The article discusses mathematics teaching, particularly the nature of students who often, for whatever reason try to find an algorithmic method to follow to solve a problem, looking to recognise the problem and answer it in a similar way to how they have answered questions before. This is a problem that was obviously prevalent in the 1950s, as evidenced in the paper, but it is still prevalent now, and I feel the nature of our exam system must at least hold a portion of the blame. The questions on exams tend to be very similar and students will learn methods to answer them whether the teachers like it or not. This is one issue I hope will be dampened a little with the upcoming changes to the exams.

Schaum suggests that this passivity in maths, this tendency to look for algorithms, is in part down to how students see mathematics. He suggests that when they see teachers solve problems on the board by delivering a slick, scripted solution they can get a feeling that it is via “witchcraft” and see the whole process of uncoordinated steps, rather than a series of interconnected mathematical ideas. The latter would encourage the students to drive the mathematics from their internal ideas, and this would lead to them being more able to apply their knowledge in new contexts. If we can develop this at all levels then I feel we really would be educating mathematicians – ie giving students the skills to be able to apply their knowledge in new contexts, rather than teaching them to follow a recipe to answer a question.

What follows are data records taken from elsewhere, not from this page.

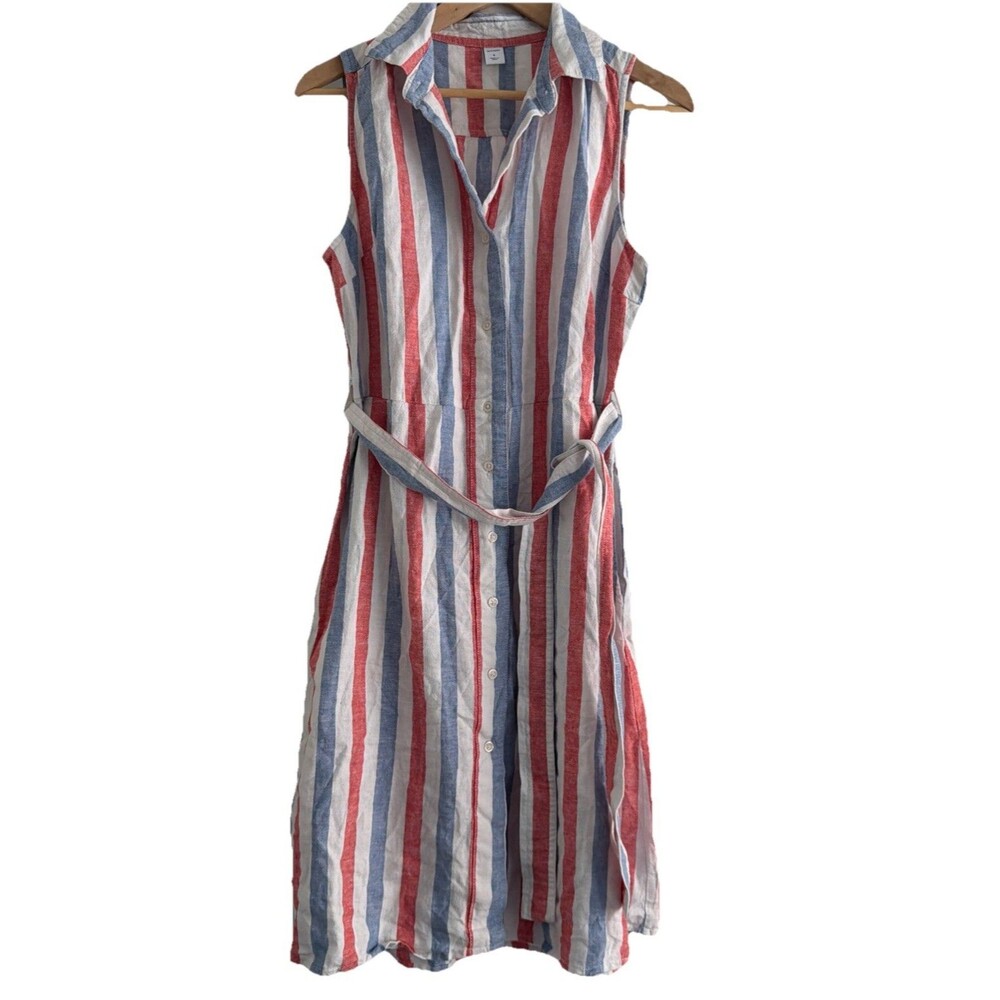 Old Navy Shirt Dress Women’s Small Linen Blend Stripe Beach 4th July Belted NWT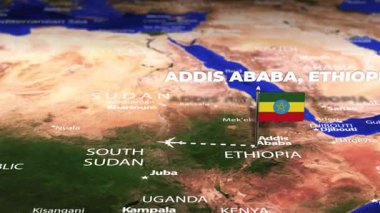 Addis Ababa ETHIOPIA 'dan Kingston JAMAICA' ya bayrak iğneleriyle uçuş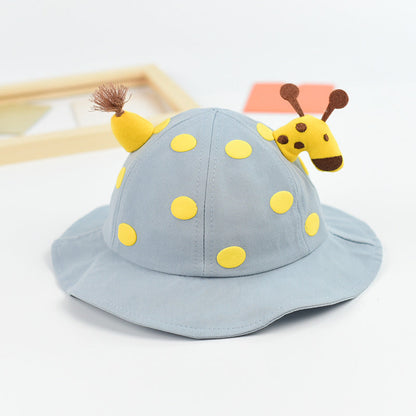 Baby Solid Color Animal Print Design Sunshade Bucket Hats-6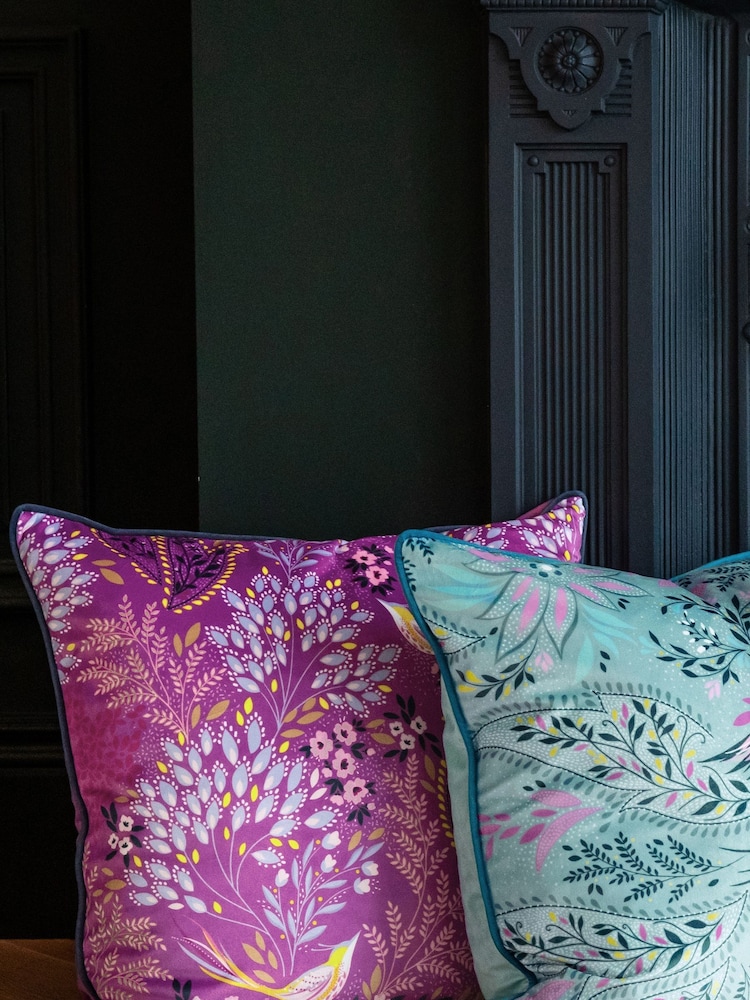 Sara Miller Pink Songbird Cushion - Image 2 of 5
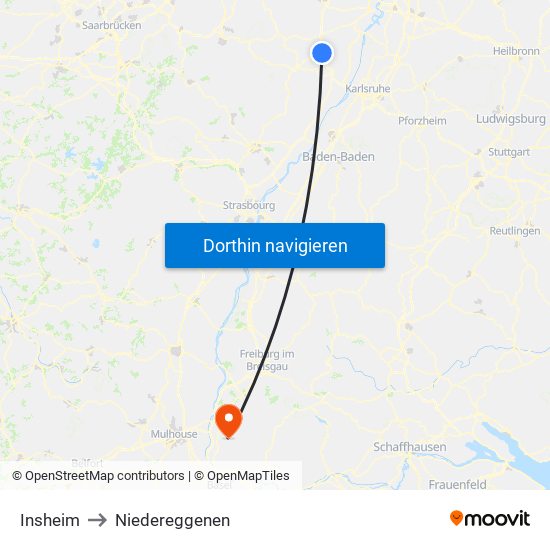 Insheim to Niedereggenen map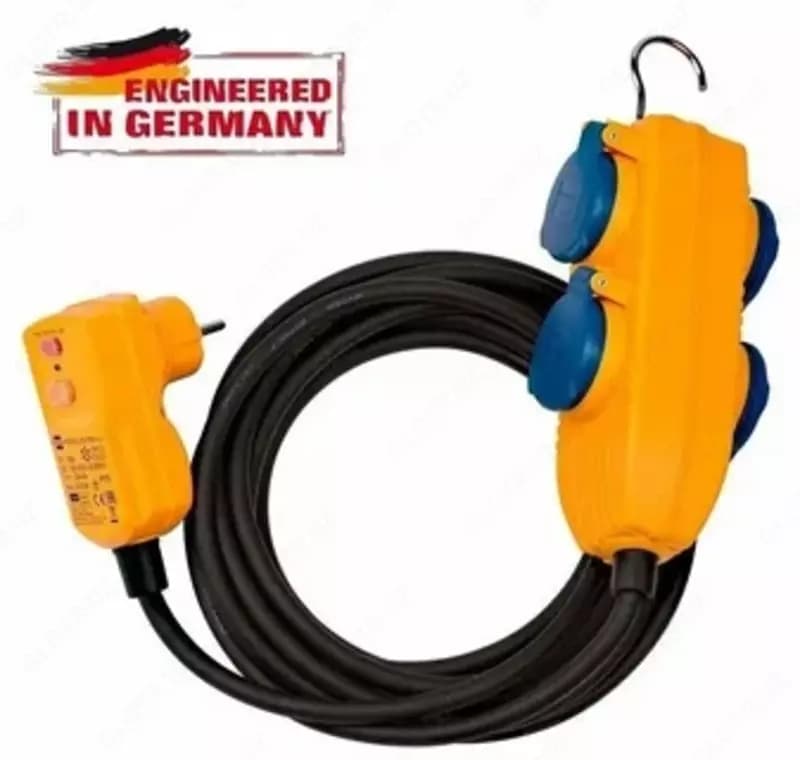 Блок розеток Brennenstuhl кабель 10 м H07RN-F 3G1,5 УЗО IP 54 1168730010 — 1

Schaum goes on to discuss authority, the infallible authority that students see in their teachers and in the mathematical theorems and formulae. It is suggested that students see these theorems as infallible, and as such they reach out for them in their memories and try to apply them to problems. This can mean that the problem they are applying them too is only vaguely similar to the problem the theorem or method is actually there to solve. Schaum calls these “analogy mistakes”, and suggests that it is down to how comfortable with the content students feel that mean they revert to them. I feel that this is true in part, but that also the pressure of exams can lead students to confuse things in their head if they have opted to learn algorithms rather than looking to develop a deeper understanding.

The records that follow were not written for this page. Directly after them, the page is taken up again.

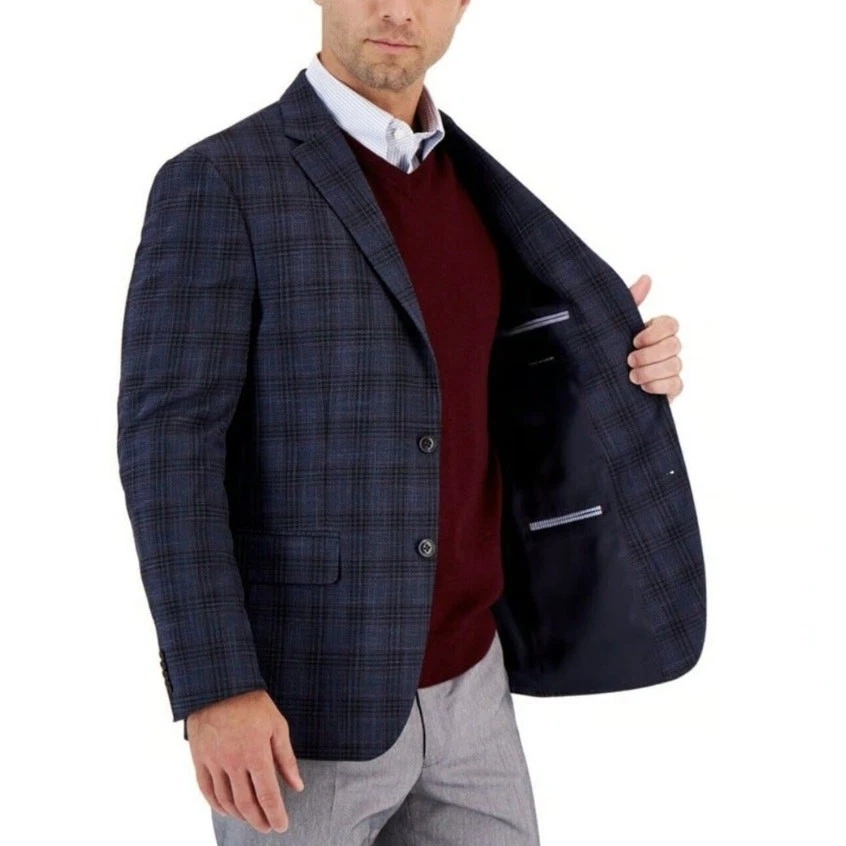 Blazer Traje Tommy Hilfiger Para Hombre Azul Marino/Rosa Cuadros Conrad Ajuste Moderno Talla 48L Foto 2 de 4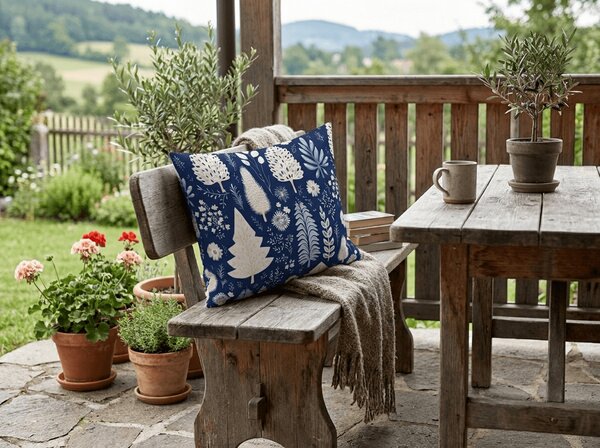 Povlak na polštář z mikrovlákna INDIGO BLOOM 50x70 cm, modrý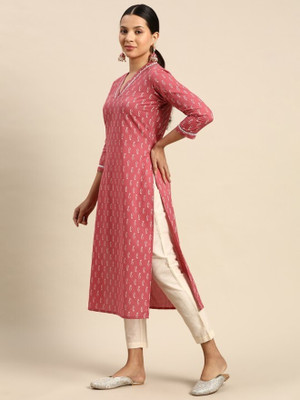 Jixpox Women Floral Print A-line Kurta(Pink)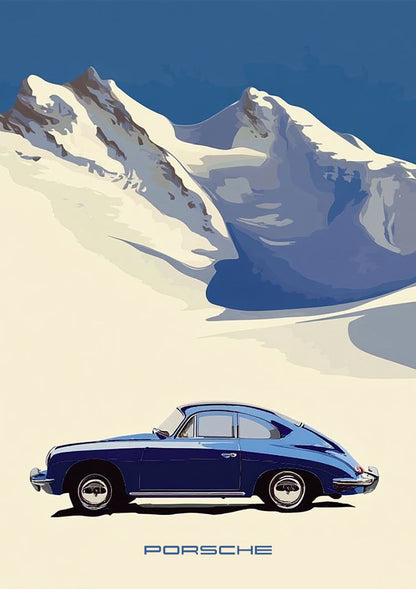 Blue Classic Car Snow Landscape Mountains Minimalist Painting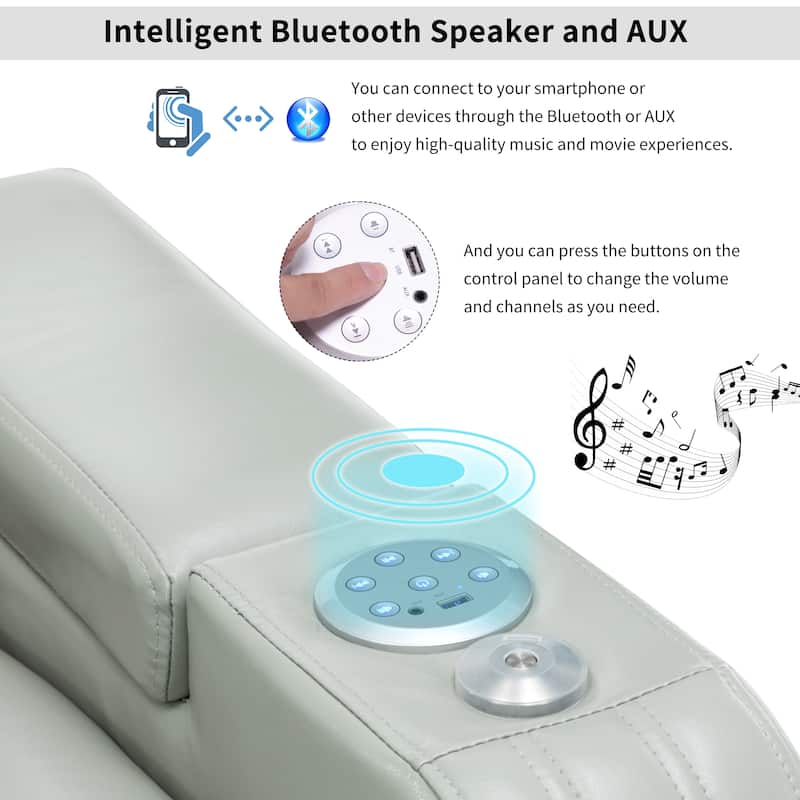 PU Leather Massage Chair with Cup Holder, Bluetooth Speaker and USB Ports Home Theater Recliner with Tray Table
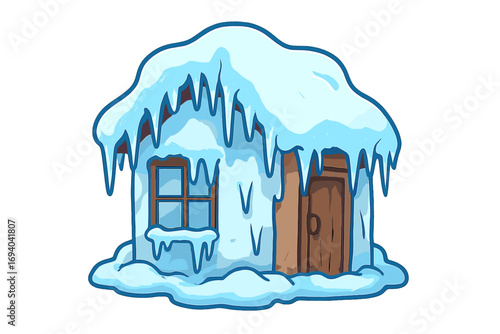Frozen house covered in deep snow and icicles. Winter season, cold weather concept. Cartoon vector illustration of a snowbound home. Icon for blizzard, frost, cooling.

I’ve had a couple of examples of these “analogy mistakes” in lessons and exams recently. A year 12 student came to an afterschool elective as she was trying to solve some coordinate geometry problems involving tangents. She had gotten herself really confused because in her notes she had written tangent gradient is perpendicular (when discussing circles) but she didn’t think it should be perpendicular because a tangent at a point should have the same gradient as the curve. I spend a little time discussing where her misconception had come from (her notes should have said “perpendicular to the radius”) and discussed how she could remember this more easily if she has thought about the graphs and sketched them.

Another example was in a recent exam one of my students had answered part of a question on alternative from incorrectly, she had done the alternative form bit well and the answer was 25 Sin(x + a), but it then asked her for the maximum she had written -25. When I questioned her about this after it seems she had fallen victim to an “analogy mistake”, she had remembered that “maximum is positive” when discussing second derivatives and in the pressure of the exam this memory had taken over, rather than the rational thought process that should have flagged up that the maximum or the function would be 25, which is definitely bigger than -25.

In his preface Danny Brown suggested that one way to counteract this would be by questioning and discussion, if we remove the authority from the discussion and don’t validate the answers by issuing statements saying they are correct or incorrect, but rather open them as conjecture to the class who then can discuss this, then we can allow students to develop their own mathematical ideas. Lampert (2001) also discussed this idea and suggests that as teachers we need to be striking the right balance between allowing students to discuss and conjecture and ensuring they understand what is important and aren’t making mistakes. This is something I strive for in my own classroom, and something I am currently working on trying to improve.